Provided data section start

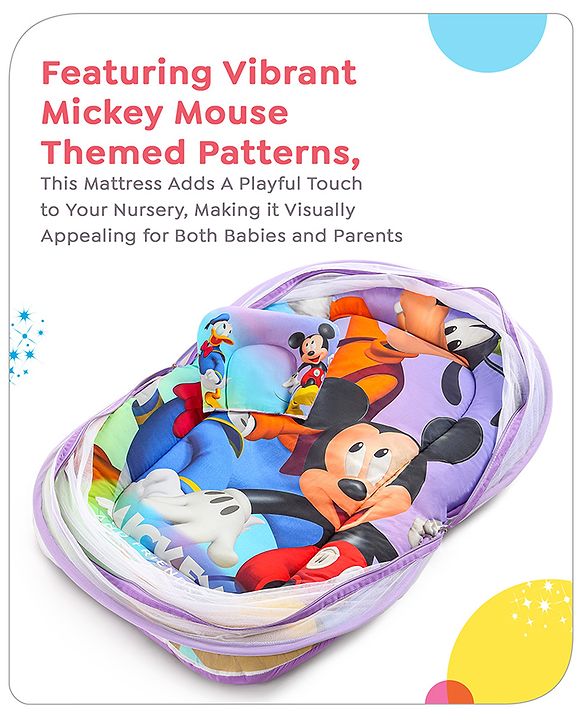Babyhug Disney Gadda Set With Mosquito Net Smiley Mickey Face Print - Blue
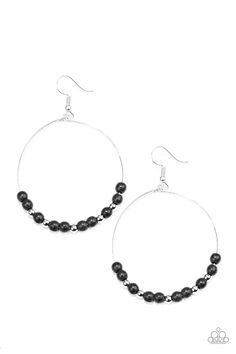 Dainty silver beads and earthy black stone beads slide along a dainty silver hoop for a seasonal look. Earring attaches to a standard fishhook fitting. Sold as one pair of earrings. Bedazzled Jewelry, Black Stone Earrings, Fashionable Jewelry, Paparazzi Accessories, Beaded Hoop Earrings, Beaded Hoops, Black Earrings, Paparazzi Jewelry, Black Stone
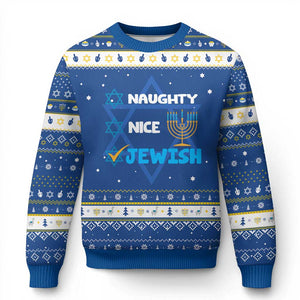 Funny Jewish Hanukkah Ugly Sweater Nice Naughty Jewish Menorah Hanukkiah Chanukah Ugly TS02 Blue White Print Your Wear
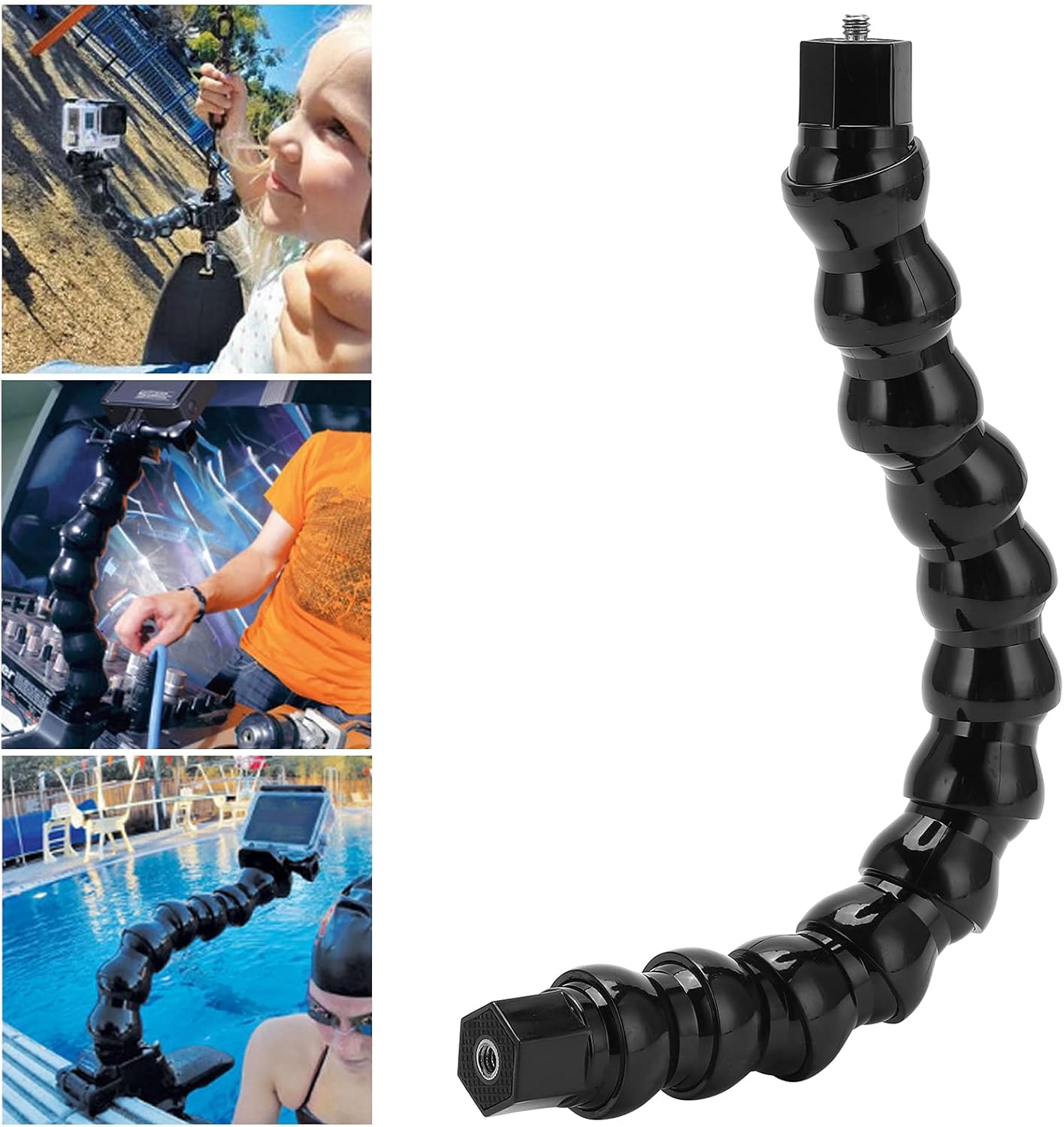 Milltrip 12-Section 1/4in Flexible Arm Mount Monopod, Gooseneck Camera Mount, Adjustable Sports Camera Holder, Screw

Provided data section end

• _Problem requirements_
The line with "Funny Jewish Hanukkah" and each line after it, through the final line of the data, are to be duplicated exactly, with pictures left out and nothing more included.

• _Solution to this exercise_
 Funny Jewish Hanukkah Ugly Sweater Nice Naughty Jewish Menorah Hanukkiah Chanukah Ugly TS02 Blue White Print Your Wear
 Milltrip 12-Section 1/4in Flexible Arm Mount Monopod, Gooseneck Camera Mount, Adjustable Sports Camera Holder, Screw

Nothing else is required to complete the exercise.